§ About this exercise:
In the entries below, find the line with "Miniatura 4 de" and the line with "3.08 Carat Pear". Return those two lines and all lines between them, exactly.

§

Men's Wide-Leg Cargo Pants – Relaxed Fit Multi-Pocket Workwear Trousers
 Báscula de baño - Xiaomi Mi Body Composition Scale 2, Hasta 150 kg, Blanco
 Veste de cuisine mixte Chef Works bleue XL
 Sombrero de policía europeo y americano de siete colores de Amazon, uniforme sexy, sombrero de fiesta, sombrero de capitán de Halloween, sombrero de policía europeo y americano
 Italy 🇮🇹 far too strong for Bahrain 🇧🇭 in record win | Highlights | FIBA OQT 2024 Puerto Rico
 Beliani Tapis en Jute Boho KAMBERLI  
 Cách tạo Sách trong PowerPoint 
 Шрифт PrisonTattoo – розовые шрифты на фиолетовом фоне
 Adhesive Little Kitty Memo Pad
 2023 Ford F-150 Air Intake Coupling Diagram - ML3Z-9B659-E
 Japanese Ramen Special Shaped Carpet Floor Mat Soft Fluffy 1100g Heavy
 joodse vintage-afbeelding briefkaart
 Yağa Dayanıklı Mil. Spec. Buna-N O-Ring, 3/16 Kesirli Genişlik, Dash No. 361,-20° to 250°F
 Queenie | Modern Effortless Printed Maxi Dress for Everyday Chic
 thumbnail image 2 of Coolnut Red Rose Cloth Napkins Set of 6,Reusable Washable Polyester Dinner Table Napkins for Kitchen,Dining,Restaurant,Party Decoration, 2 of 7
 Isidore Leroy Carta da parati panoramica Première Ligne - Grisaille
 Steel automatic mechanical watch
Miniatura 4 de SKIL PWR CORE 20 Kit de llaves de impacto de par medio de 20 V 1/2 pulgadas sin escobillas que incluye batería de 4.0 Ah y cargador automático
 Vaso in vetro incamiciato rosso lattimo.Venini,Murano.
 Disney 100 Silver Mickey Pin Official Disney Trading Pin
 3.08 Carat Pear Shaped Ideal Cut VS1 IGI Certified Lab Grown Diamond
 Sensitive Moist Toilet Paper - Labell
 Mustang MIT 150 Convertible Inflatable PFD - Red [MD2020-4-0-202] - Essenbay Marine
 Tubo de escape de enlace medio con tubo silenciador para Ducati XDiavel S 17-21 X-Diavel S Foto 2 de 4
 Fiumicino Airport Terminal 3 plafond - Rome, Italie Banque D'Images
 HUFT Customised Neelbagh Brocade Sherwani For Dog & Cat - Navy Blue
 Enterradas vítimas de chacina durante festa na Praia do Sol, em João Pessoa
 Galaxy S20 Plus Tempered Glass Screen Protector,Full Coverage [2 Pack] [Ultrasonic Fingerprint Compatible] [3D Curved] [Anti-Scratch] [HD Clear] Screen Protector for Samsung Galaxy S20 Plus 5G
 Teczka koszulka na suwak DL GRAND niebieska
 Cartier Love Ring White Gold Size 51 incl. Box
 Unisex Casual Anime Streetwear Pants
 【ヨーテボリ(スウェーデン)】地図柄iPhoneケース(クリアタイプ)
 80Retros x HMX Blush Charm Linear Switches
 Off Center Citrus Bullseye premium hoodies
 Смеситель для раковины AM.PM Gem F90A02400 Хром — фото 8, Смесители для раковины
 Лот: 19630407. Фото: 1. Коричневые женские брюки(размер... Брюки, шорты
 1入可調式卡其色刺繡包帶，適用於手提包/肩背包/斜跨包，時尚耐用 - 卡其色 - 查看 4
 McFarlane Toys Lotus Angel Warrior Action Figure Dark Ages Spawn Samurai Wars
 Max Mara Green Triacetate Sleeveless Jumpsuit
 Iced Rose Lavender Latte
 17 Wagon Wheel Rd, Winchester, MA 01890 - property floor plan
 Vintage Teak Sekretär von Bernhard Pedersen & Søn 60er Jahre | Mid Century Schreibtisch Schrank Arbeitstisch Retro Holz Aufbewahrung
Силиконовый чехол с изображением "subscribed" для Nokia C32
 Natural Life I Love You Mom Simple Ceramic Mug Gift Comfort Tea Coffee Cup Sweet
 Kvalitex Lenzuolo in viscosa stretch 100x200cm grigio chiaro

§

§ Solution to this task:
Miniatura 4 de SKIL PWR CORE 20 Kit de llaves de impacto de par medio de 20 V 1/2 pulgadas sin escobillas que incluye batería de 4.0 Ah y cargador automático
 Vaso in vetro incamiciato rosso lattimo.Venini,Murano.
 Disney 100 Silver Mickey Pin Official Disney Trading Pin
 3.08 Carat Pear Shaped Ideal Cut VS1 IGI Certified Lab Grown Diamond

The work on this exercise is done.